= Wilfred Hardy =

British artist and illustrator

Wilfred 'Wilf' Hardy (7 July 1938 – 4 September 2016) was a British artist and illustrator who contributed many painted pages to Treasure, Look and Learn, Eagle and Speed and Power magazines. He also produced work for the Royal International Air Tattoo. He specialised in painting aircraft, producing posters and private commissions.

==Early life==
Hardy was born in Brentford in Middlesex (West London).

==Aviation work==
From 1976 to the 2000s Hardy produced work for the Royal International Air Tattoo airshow, formerly the International Air Tattoo. His first advertisement poster for the airshow featured a hovering Hawker Siddeley Harrier GR.1. His artwork for the next five shows included aircraft such as the Panavia Tornado GR.1, Lockheed Hercules and Hawker Siddeley Nimrod. For the 1983 edition, he helped create a design that would become commonplace for many years to come, with the aircraft heading straight towards the viewer. Over time this design was refined further with more aircraft being included and with the image being used principally on progranmmes rather than posters. The design can be seen on the 1994 and 1996 editions.

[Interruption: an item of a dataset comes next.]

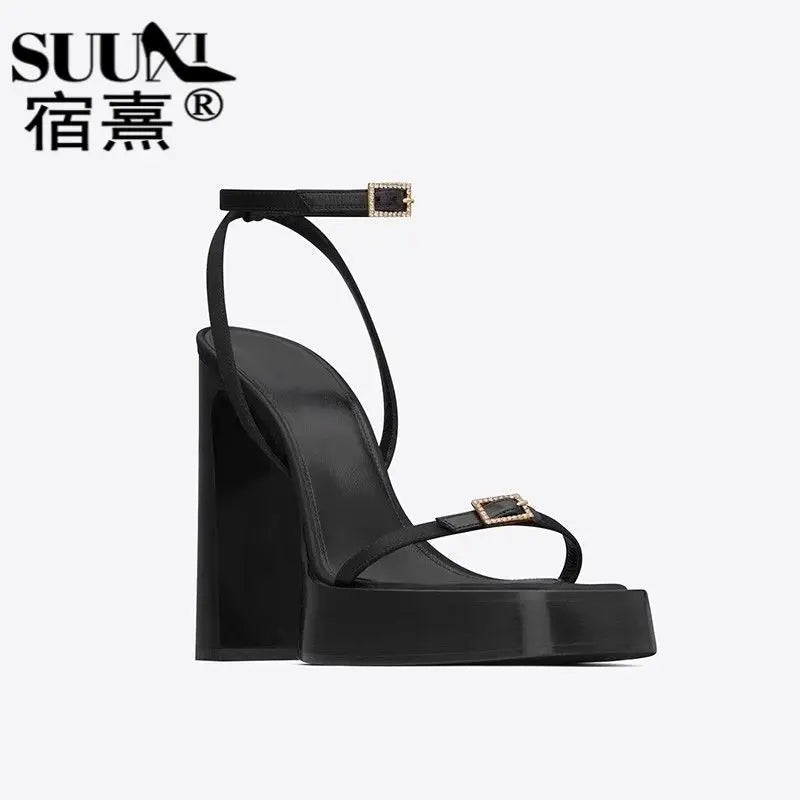 vzyzv -  Summer Platform High Heels Women's Thick-heeled Rhinestone High-heeled Sandals Designer Sandals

In 1979 Hardy designed the special paint scheme for a Royal Air Force McDonnell Douglas Phantom FGR.2 (XV424), and its backup (XV486), which was to re-enact the Transatlantic flight of Alcock and Brown for the 60th anniversary of the crossing.

Hardy also provided illustrations for other airshows and the cover of several editions of the Royal Air Force Yearbook.

==Personal life==
Hardy lived in Kent. He married Barbara Woolstencroft in 1960 in Kent. They had three sons (born 1961, 1963 and 1965).